The sad fact is that many workers see no other alternative but to assist their employers compete to bring wages and conditions down in order to compete against workers in other plants. One GM worker described it:'Given an opportunity to Ôbid' against outside suppliers to keep work, many members spent countless hours analysing the work process to develop innovative proposals to reduce cost and improve quality and service.'
The pattern is to get unions to first agree to co-operate in modernisation then turn on the union demanding increased flexibility, a list of lean production style changes, contracting out, downsizing, increased workloads and new work schedules. In the developed world union leaders have embraced a new 'realism' of competitive business considerations. Co-operation with management is the means to that end, and partnership with national or regional capital is the road to employment stabilisation. As a strategy this has demonstrably failed. The results are increased unemployment, casualisation, lower real wages, lower living standards, increased income inequality and pervasive uncertainty about the future.
Moody calls for a new international social-movement unionism, arguing that it has already been born in Korea, South Africa, Brazil and the more industrialised parts of the third world. New layers of union activists have also emerged in the United States in a number of localised union campaigns, in starting the Labor Party in 1996, and in the new AFL-CIO leadership. Critical to the new unionism is the fight for union democracy and leadership accountability, membership activation and involvement, commitment to union growth and recruitment and to reaching out to other sectors and organisations of the working class.

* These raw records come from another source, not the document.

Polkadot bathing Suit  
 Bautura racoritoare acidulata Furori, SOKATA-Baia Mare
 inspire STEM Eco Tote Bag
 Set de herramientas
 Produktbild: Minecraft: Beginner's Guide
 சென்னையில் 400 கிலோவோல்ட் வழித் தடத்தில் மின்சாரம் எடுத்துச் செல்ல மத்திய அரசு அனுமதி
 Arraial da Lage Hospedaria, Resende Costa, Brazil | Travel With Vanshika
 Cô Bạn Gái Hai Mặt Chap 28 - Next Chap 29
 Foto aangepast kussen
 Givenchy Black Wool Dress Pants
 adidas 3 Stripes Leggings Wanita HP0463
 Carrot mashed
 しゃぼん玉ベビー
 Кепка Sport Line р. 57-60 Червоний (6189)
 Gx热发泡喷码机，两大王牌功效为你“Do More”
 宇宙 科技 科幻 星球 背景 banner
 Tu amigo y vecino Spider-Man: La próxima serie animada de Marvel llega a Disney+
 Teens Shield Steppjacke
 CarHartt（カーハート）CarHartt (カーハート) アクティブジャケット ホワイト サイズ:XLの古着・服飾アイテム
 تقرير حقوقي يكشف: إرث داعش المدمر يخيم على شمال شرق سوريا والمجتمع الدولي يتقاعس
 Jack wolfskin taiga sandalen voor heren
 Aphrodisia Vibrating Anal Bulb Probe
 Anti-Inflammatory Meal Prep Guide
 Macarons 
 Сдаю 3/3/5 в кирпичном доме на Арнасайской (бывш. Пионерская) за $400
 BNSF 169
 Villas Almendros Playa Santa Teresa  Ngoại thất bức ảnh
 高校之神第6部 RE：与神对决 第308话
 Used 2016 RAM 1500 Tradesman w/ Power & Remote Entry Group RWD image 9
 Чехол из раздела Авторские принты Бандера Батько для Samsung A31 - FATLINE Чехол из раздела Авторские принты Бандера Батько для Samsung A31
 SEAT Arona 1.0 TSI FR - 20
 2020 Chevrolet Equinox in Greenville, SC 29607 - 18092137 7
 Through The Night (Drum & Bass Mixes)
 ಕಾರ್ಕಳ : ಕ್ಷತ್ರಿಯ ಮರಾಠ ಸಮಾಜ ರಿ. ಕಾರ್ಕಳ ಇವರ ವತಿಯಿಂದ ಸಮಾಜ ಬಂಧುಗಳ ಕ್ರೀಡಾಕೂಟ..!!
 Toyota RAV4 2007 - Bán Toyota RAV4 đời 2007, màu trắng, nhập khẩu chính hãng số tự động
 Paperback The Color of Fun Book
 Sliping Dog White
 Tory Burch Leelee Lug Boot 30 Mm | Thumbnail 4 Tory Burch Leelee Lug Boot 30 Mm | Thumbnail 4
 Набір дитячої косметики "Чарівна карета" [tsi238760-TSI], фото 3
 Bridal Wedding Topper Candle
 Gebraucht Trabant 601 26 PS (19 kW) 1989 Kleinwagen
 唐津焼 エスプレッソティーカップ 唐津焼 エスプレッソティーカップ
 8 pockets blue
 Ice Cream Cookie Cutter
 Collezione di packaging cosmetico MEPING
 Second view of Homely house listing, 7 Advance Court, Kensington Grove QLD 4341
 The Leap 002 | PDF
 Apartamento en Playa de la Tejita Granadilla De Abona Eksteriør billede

What Moody doesn't consider is how such a social-movement unionism might connect with, or in the case of the US, develop with a political party of the working class. This a book about the political economy of the working class, but not about politics. Political parties, other than governing labour parties, the Democrats and the formative American Labor Party, are not discussed. The need for working-class socialist political parties is not raised. There is also some skimming over the difference between union leaders, working class leadership and political leadership. At times they are treated separately, at other times interchangeably, indicative of a lack of clarity about the role of each.
If the argument of the book - that lean production and market regulation are the cause of the race to the bottom - then any effective alternative must be based on rejecting accommodation to those forces. The repackaged social democratic claims of a third way, a way of ameliorating class division in order to produce mutually acceptable change are illusory. To endeavour to convince workers and union activists of the possibilities that improved living standards can result from this collaborative practice is to build false hopes and turn a blind eye to what is really happening in the workplace and in working class communities across the globe.